Diagnostics perforations amoebic ulcers and gangrene of the colon is based on the following data: dysentery and other intestinal disorders in history, symptoms of colitis in the onset of the disease or at the stationary observation (cramping abdominal pain, loose stools with mucus and blood, rumblingin the gut), the detection of fragments of the colon mucosa in the stool or tissue-dissolving mobile forms of Entamoeba in svezhevzyatom native smear, some local signs of peritonitis.

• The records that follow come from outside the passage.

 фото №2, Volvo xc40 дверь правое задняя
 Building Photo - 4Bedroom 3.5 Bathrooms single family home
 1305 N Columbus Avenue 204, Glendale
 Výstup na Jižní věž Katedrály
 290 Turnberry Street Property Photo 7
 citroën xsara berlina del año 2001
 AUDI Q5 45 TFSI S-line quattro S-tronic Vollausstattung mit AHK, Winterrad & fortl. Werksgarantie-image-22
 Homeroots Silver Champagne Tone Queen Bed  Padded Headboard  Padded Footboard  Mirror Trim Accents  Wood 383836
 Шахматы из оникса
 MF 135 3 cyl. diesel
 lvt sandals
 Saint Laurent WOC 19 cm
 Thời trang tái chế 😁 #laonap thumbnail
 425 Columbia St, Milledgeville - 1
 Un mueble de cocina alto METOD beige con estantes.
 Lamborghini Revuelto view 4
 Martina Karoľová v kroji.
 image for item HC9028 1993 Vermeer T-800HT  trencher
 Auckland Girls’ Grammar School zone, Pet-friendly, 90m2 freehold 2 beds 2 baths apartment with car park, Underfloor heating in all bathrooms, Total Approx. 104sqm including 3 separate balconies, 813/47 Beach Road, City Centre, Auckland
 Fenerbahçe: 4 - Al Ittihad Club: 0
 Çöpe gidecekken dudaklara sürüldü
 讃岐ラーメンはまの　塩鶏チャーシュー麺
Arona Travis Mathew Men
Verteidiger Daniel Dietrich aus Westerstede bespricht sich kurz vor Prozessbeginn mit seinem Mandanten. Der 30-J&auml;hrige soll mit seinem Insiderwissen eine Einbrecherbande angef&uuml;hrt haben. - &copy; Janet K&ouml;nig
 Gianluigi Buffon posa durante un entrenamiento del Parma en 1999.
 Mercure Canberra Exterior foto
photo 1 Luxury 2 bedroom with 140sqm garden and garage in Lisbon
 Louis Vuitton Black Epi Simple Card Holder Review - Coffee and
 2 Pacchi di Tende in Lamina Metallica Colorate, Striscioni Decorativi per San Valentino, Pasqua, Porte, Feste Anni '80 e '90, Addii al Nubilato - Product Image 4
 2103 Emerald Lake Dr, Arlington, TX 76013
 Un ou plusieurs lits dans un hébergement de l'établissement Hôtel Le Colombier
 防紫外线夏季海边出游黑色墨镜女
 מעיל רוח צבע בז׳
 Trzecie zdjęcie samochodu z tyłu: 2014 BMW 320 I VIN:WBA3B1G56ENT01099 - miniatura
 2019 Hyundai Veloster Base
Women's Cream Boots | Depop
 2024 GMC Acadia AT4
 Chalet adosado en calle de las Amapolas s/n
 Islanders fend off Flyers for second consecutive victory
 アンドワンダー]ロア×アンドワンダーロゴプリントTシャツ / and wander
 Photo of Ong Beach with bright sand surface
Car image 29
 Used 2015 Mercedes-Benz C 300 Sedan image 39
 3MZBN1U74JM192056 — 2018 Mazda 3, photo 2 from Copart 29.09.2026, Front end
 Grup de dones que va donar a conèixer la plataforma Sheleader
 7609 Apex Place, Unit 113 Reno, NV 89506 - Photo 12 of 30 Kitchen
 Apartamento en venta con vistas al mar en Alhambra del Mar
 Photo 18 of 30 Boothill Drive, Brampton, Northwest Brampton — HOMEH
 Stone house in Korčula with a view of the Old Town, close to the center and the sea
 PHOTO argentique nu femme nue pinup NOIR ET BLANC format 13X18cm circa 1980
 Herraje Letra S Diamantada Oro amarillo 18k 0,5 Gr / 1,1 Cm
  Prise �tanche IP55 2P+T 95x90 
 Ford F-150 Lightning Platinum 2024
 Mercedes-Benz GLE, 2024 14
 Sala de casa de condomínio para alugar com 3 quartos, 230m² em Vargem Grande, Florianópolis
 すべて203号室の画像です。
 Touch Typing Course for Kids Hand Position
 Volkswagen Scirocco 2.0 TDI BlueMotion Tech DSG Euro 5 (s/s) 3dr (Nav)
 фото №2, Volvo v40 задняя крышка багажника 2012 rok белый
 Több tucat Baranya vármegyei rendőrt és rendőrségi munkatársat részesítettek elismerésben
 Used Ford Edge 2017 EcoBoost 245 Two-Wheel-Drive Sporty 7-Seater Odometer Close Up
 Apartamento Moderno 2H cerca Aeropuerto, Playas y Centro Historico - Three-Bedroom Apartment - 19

presence of growth dysentery bacteria at sowing feces does not give reason to deny the origin of intestinal amebic lesions as perforation and peritonitis is most often develop when mixed amoebic and bacterial dysentery.Similarly, the absence of amoebas in the stool is not evidence of absence amebiasis, as these simply do not always show up even after repeated and qualified study.
- Amebiaz symptoms
- Appendicitis with amoebiasis
Treatment perforations amoebic ulceration of the colon, as well as any perforation peritonitis, surgical.The success of surgery depends on the timing of surgery, as well as the complex of conservative therapy before and after surgery.